Construction remains one of the most carbon-intensive industries, with materials often contributing significantly to the final project’s total pollution (concrete production, for example, is responsible for 8% of global carbon emissions). A report from the Carbon Leadership Forum, a network of academics and industry professionals hosted at the University of Washington to focus on reducing embodied carbon, suggests that as the population grows, the equivalent of one New York City in additional floor space will be built every month around the world.
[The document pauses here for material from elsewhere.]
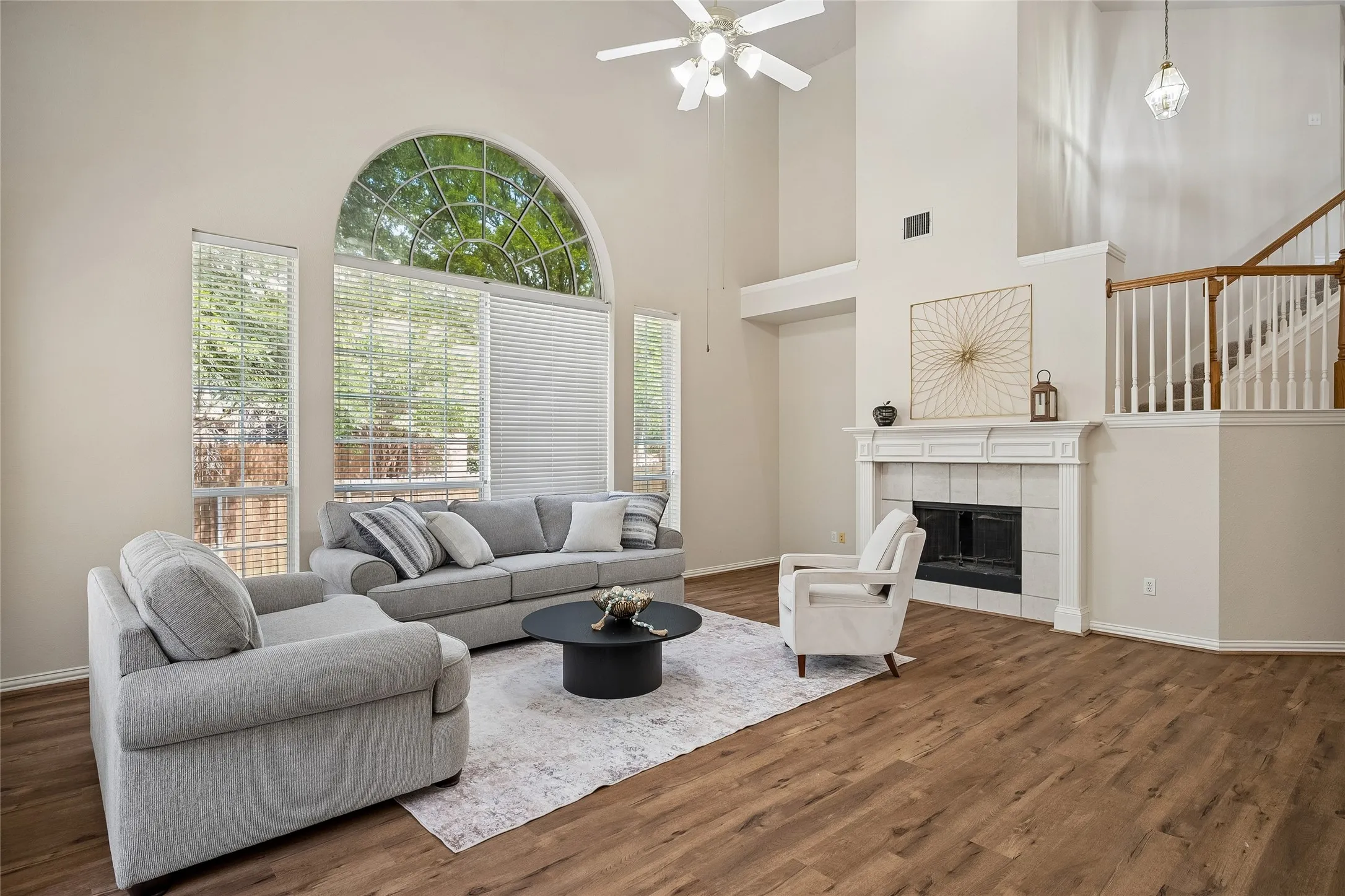Single Family Residence For Sale in Collin County , 3029 Golden Gate Drive, Plano, Texas 75025, 4 Bedroom, 4 Bathroom, 2 Garage spaces, 2,763 Sqft, built in 1997, mls#21371178, Real Estate Agent in Plano, Homes For Sale in Collin county, Homes For Sale in Plano, Realtor in Plano Texas, Real Estate Brokerage Independent Realty Texas, Luminita Cordes Realtor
That’s as much as two trillion square feet of new building, or significant renovations, happening over the next 32 years, according to the nonprofit Architecture 2030. While many environmentally concerned architects and builders focus on operational impacts—certainly a significant contributor to climate change—others have emphasized a concomitant need to focus on the embodied carbon, emissions that result from construction and from creating and transporting materials themselves.
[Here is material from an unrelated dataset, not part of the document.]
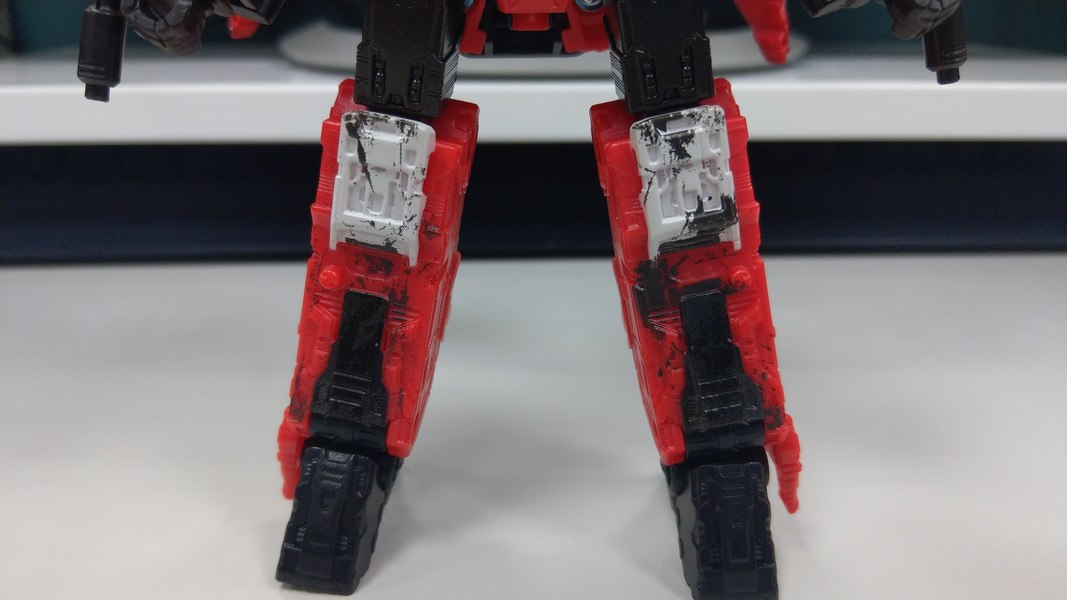 Transformers Generation Selects Red Wing In Hand Images  (14 of 26)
A signatory of the Paris Climate Accord, the construction giant Skanska is the latest AEC company to enter the fray of carbon-reduction solutions with an open-source tool called the Embodied Carbon in Construction Calculator (EC3), developed in collaboration with C Change Labs and incubated at with funding from Skanska and Microsoft.
Current tools and assessments center on these lifecycle impact and operational efficiencies of buildings, however, embodied carbon can account for around half of a building’s emissions impact over its average lifespan. “It may not matter how efficiently we operate our buildings over time if we don’t immediately address the carbon embodied in what and how we build,” Skanska USA chief sustainability officer, Beth Heider, FAIA, explained in a release. The hope with EC3 is that those in the AEC industry can better understand their impact in order to reduce it.
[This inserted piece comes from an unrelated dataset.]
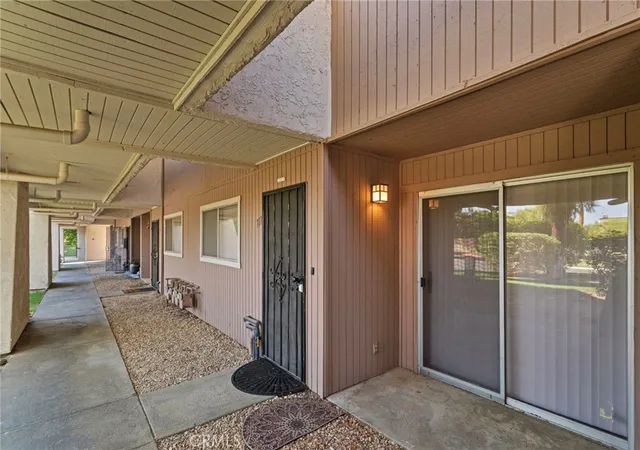 3rd image of 575 N Villa Ct, Palm Springs, CA 92262 | MLS# CV26109221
“Until now, the building industry has not had a way to assess our supply chain through the lens of their carbon impact,” said Stacy Smedley, regional director of sustainability for Skanska’s building operations based in Seattle, whose benchmarking research was foundational to the project. Currently in a limited pilot, EC3 is an open-source database of over 16,000 materials, searchable by performance requirements, design specifications, project location, and global warming potential—all based on environmental product declaration data. The hope is that stakeholders in the building process, such as designers, developers, and contractors, can better understand the potential carbon impact of their projects. Skanska reports that current participating projects are seeing carbon reductions upwards of 30 percent with little to no difference in cost.
EC3 will be publicly released on November 19.